Note that the height and width of the representation
at each layer throughout the convolutional block
is reduced (compared with the previous layer).
The first convolutional layer uses 2 pixels of padding
to compensate for the reduction in height and width
that would otherwise result from using a $5 \times 5$ kernel.
In contrast, the second convolutional layer forgoes padding,
and thus the height and width are both reduced by 4 pixels.
As we go up the stack of layers,
the number of channels increases layer-over-layer
from 1 in the input to 6 after the first convolutional layer
and 16 after the second convolutional layer.
However, each pooling layer halves the height and width.
Finally, each fully-connected layer reduces dimensionality,
finally emitting an output whose dimension
matches the number of classes.

Training

Now that we have implemented the model,
let us run an experiment to see how LeNet fares on Fashion-MNIST.

#@tab all
batch_size = 256
train_iter, test_iter = d2l.load_data_fashion_mnist(batch_size=batch_size)

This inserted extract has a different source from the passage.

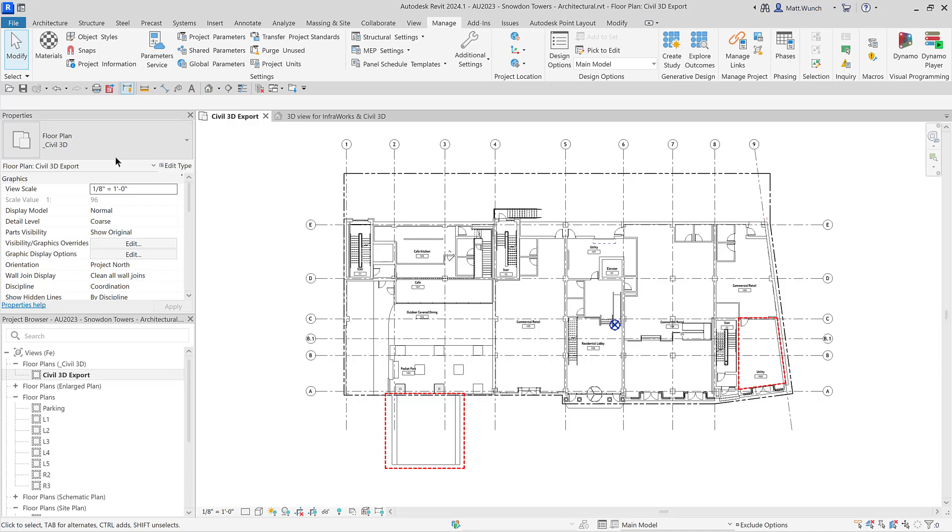In other words, information that will help them coordinate the utility entry points into the building and not overload the drawing and the civil designer with any unnecessary information like floor patterns, furniture, light fixtures, etc.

While CNNs have fewer parameters,
they can still be more expensive to compute
than similarly deep MLPs
because each parameter participates in many more
multiplications.
If you have access to a GPU, this might be a good time
to put it into action to speed up training.

:begin_tab:mxnet, pytorch
For evaluation, we need to make a slight modification
to the evaluate_accuracy function that we described
in :numref:sec_softmax_scratch.
Since the full dataset is in the main memory,
we need to copy it to the GPU memory before the model uses GPU to compute with the dataset.
:end_tab:

def evaluate_accuracy_gpu(net, data_iter, device=None):  #@save
    """Compute the accuracy for a model on a dataset using a GPU."""
    if not device:  # Query the first device where the first parameter is on
        device = list(net.collect_params().values())[0].list_ctx()[0]
    # No. of correct predictions, no. of predictions
    metric = d2l.Accumulator(2)
    for X, y in data_iter:
        X, y = X.as_in_ctx(device), y.as_in_ctx(device)
        metric.add(d2l.accuracy(net(X), y), d2l.size(y))
    return metric[0] / metric[1]

#@tab pytorch
def evaluate_accuracy_gpu(net, data_iter, device=None): #@save
    """Compute the accuracy for a model on a dataset using a GPU."""
    net.eval()  # Set the model to evaluation mode
    if not device:
        device = next(iter(net.parameters())).device
    # No. of correct predictions, no. of predictions
    metric = d2l.Accumulator(2)
    for X, y in data_iter:
        X, y = X.to(device), y.to(device)
        metric.add(d2l.accuracy(net(X), y), d2l.size(y))
    return metric[0] / metric[1]

We also need to update our training function to deal with GPUs.
Unlike the train_epoch_ch3 defined in :numref:sec_softmax_scratch,
we now need to move each minibatch of data
to our designated device (hopefully, the GPU)
prior to making the forward and backward propagations.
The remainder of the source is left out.